Weather on the globe will be altered with countries such as Australia expected have temperature increases of about 6°C by the year 2100 (Bita 2006). Agriculture will be affected with many areas that depend on irrigation will dry as most snowcaps that supply the areas with water unable to withstand the temperatures, they will melt and thus the desert regions will not have water supplies. As the temperatures increases, crop diseases are also expected to increase and reduce food production around the globe (Dortch 5).

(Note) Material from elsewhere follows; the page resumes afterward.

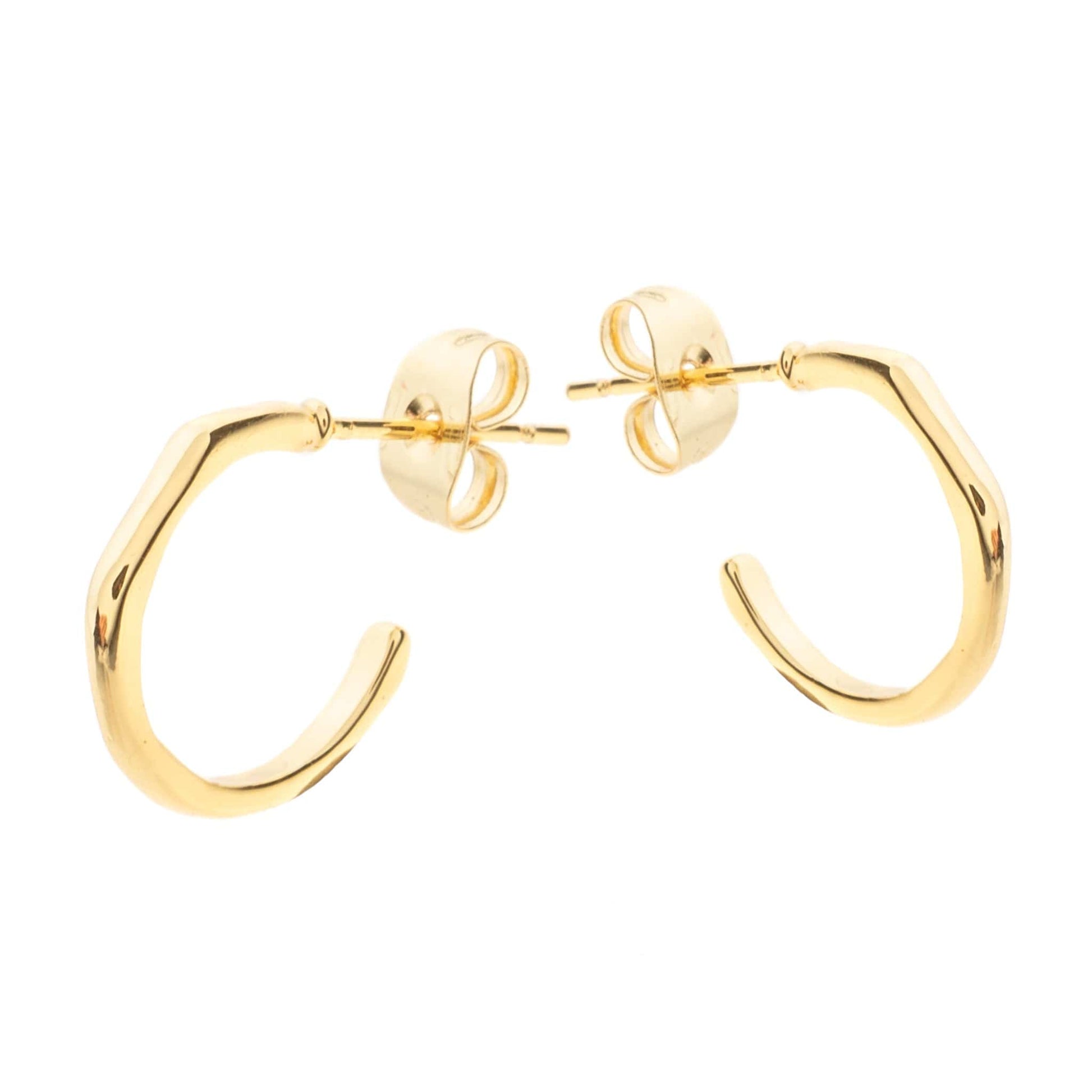 Gold dented Huggie Hoop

Due to the increasing rate of carbon dioxide emission into the atmosphere, there is need to manage the amount of carbon dioxide that finds its way into the atmosphere. Governments should set target for emissions that a country/ sector should not surpass annually, if the country/sector exceeds this set value they should be made to compensate for the excess quantities of carbon dioxide they emitted into the atmosphere (Prasad 23). The portions of money derived from the carbon taxies should be distributed to countries that are faced with risks emanating from CO2 pollution of the environment and any excesses should be used in the rehabilitation of degenerated land that are results of global warming (Vourc’h and Martin 23).

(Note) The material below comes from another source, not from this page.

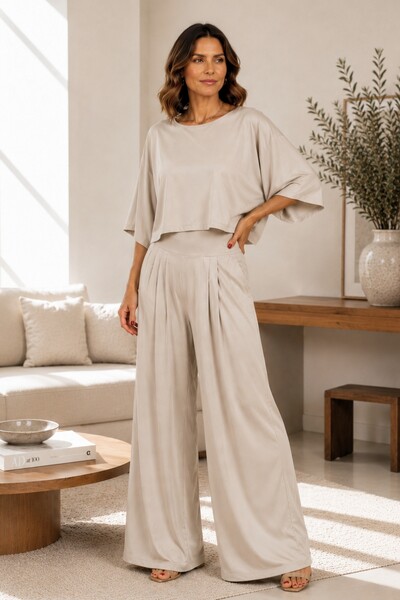 Foto Pantalona Celeste Tecido Fluity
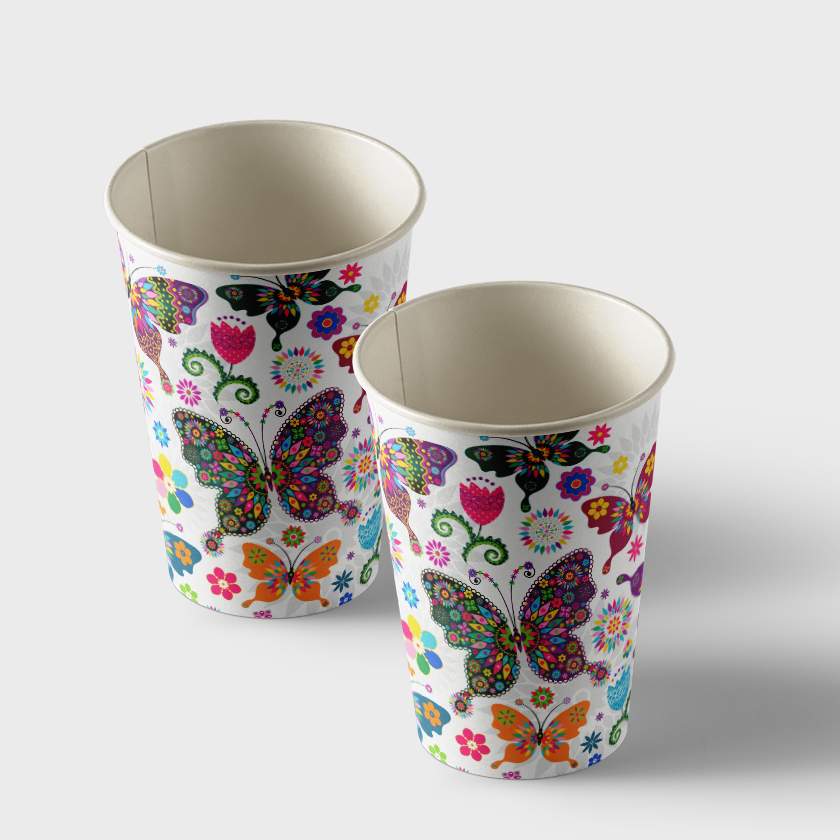Vasos de papel con estampado de mariposas, paquete de 50 unidades, volumen 250 ml (WL 03.21-15-6)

As a part of the green energy agenda the European Union is planning unify the Carbon tax levied to the member countries. The EU is working on a reversed energy tax that will apply to all its members.
A carbon tax is a levy that is charged to industrialist for pollution of the environment and is responsible for the reconstruction of the damages caused by carbon emission from the industries. The collections from the industrialists is then distributed to the countries that mostly affected by the carbon emission to compensate citizens that may fall ill due inhalation of contaminated air. From the same kit governments of countries that are affected by excessive emission of carbon dioxide into their atmosphere are compensated to enable they undertake recovery processes (Hoeller and Wallin 92).
Carbon atoms are exhausted from coal, natural gas and petroleum driven industries in large quantities. When these substances are combusted they produce energy and carbon dioxide CO2 amongst other effluent gases. Industries that use non combustion sources of energy are not required to pay the carbon tax as their contribution to environmental pollution are regarded to be dismal. Carbon tax should be imposed to all industrial combustion of the carbon containing fuels and should be charged according to the levels of carbon contents in the fuels. If these levies are strictly imposed they can increase the activities directed towards the exploitation of other sources of energy and thereby reduce global warming and the detrimental results that come with it.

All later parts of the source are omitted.